Work required - Within the entries below, output exactly the lines between the line containing "Închiriez apartament cu" and the line containing "sbk_zanetti_002_france_magny_cours_2012.jpg", inclusive, and omit any picture.

Exercise input -
● ● ● ● ●

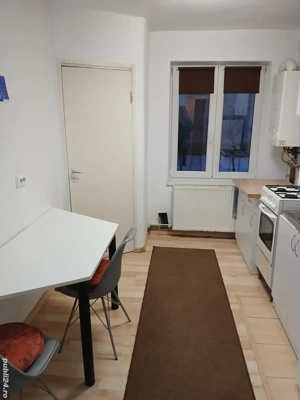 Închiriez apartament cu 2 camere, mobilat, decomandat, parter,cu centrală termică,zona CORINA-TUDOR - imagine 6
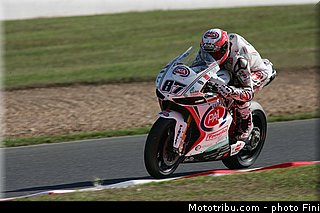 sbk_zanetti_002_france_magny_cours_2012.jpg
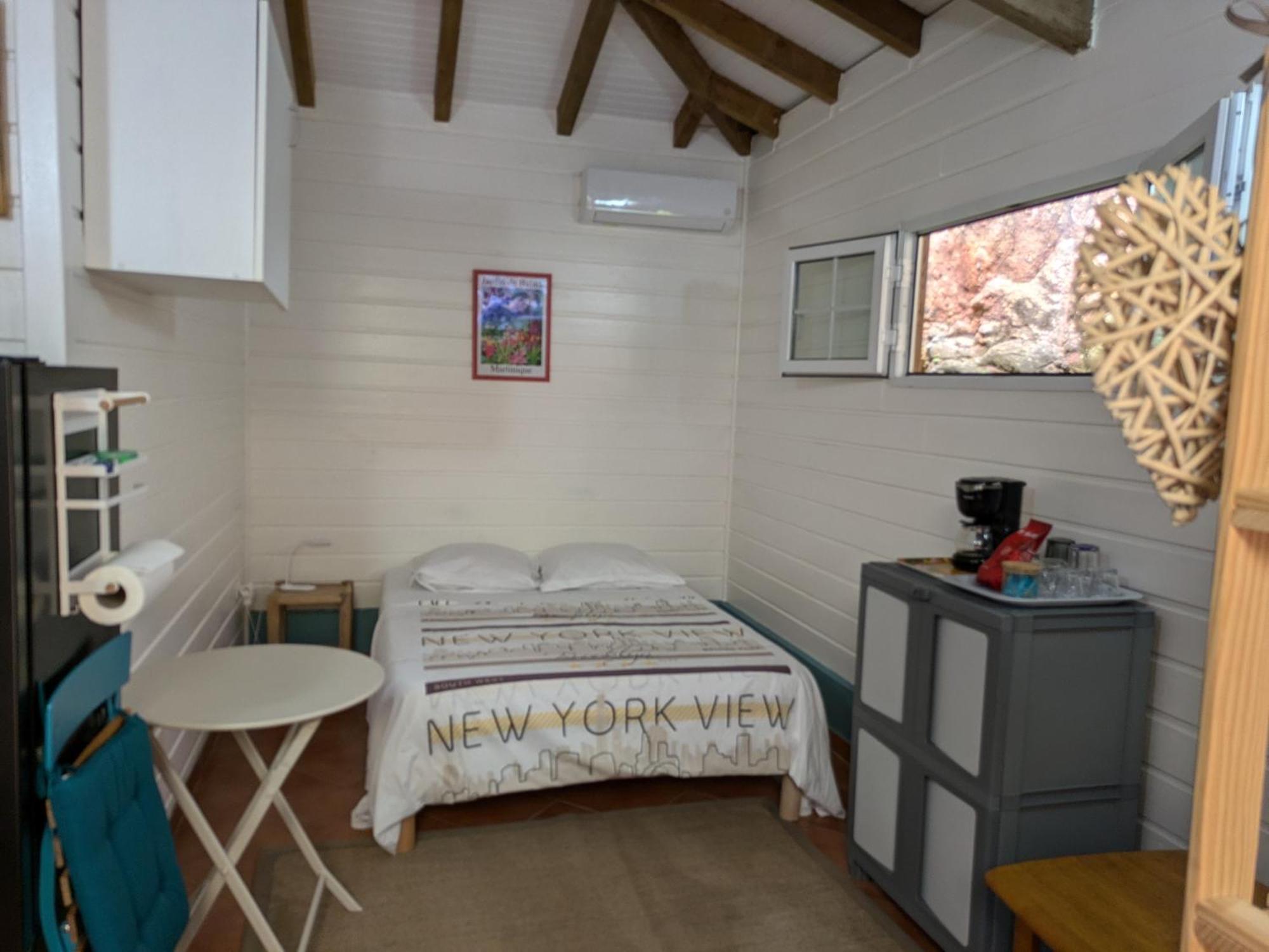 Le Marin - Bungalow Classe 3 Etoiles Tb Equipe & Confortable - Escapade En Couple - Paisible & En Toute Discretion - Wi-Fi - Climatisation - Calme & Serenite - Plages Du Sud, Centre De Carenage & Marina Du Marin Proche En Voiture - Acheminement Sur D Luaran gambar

● ● ● ● ●

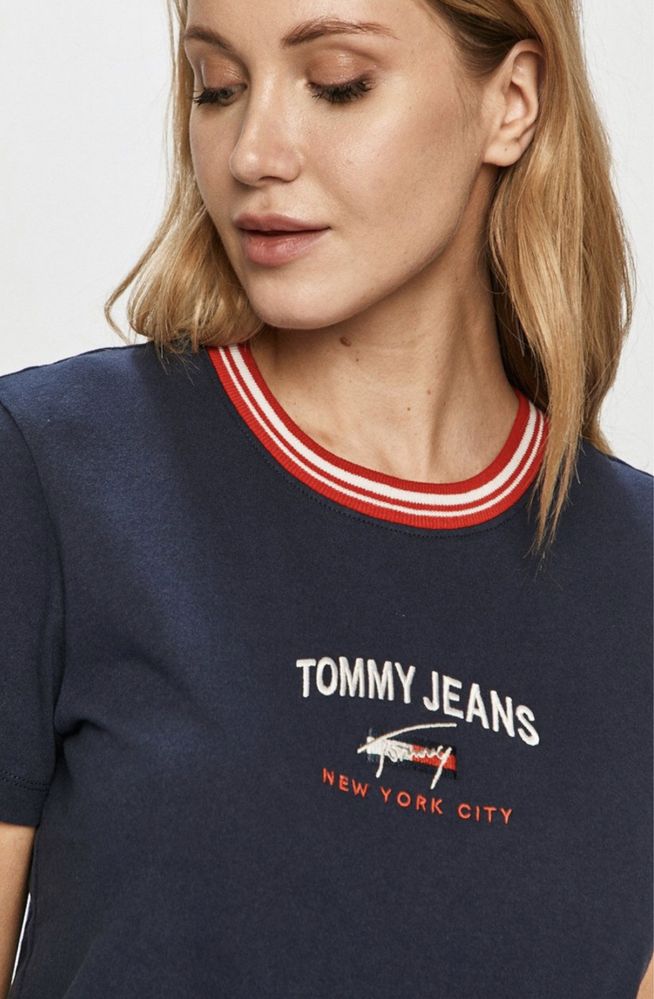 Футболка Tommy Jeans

● ● ● ● ●

Reply to the exercise -
 Închiriez apartament cu 2 camere, mobilat, decomandat, parter,cu centrală termică,zona CORINA-TUDOR - imagine 6
 sbk_zanetti_002_france_magny_cours_2012.jpg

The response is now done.